Content indicator for accelerated detection of a changed web page

Info

Publication number: 20020078087
Type: Application
Filed: Dec 18, 2000
Publication Date: Jun 20, 2002
Inventor: Alan E. Stone (Morristown, NJ)
Application Number: 09737946

Abstract

Various embodiments are described for content indicators to accelerate detection of a changed web page or other file.

Description

Description

FIELD

[0001] The invention generally relates to web pages, browsers and search engines, and in particular, to a content indicator for accelerated detection of a changed web page.

BACKGROUND

[0002] Today, web pages are commonly stored on web servers. A web server is a server that stores or provides web pages, typically in Hypertext Markup Language (HTML) format, and makes these web pages available to clients upon request, such as in response to a “Get” request using Hypertext Transfer Protocol (HTTP)—HTTP/1.1, Request For Comments 2616, June 1999. A client may be any software program that may request access the web pages. Two common web clients include a web browser and search engine indexers. A web browser is a program which can retrieve web pages from remote web servers and display the web page for the user.

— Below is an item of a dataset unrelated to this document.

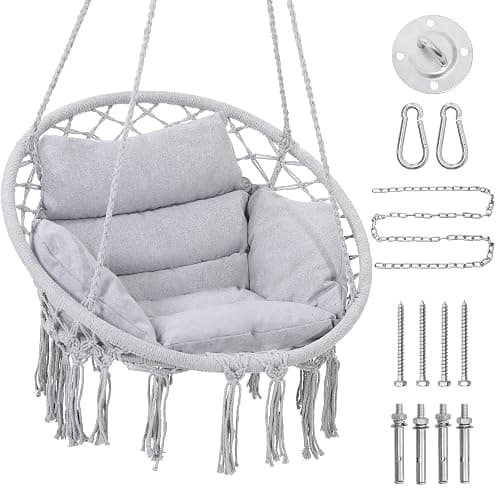 KROFEM Macrame Hammock Hanging Swinging Chair with Medium Cushion, Perfect for Bedroom, Porch, Adults, Balcony, Grey - Image 1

[0003] The Internet is typically indexed via search engine indexers, also known as web “spiders.” Typically, these spiders may be dedicated machines that relentlessly visit all the publicly addressable Internet addresses to gain access to the HyperText Transfer Protocol (HTTP) port number 80 to find “home pages” or “web pages.” Once found, the spider navigates through the content of each ‘page’, indexing both content and hyperlinks. The index may provide, for example, a correspondence between the subject matter of a web page and an address or Universal Resource Identifier for each web page. This information is then provided to a search engine, to allow the search engine to identify addresses or locations of pertinent web pages in response to a particular search.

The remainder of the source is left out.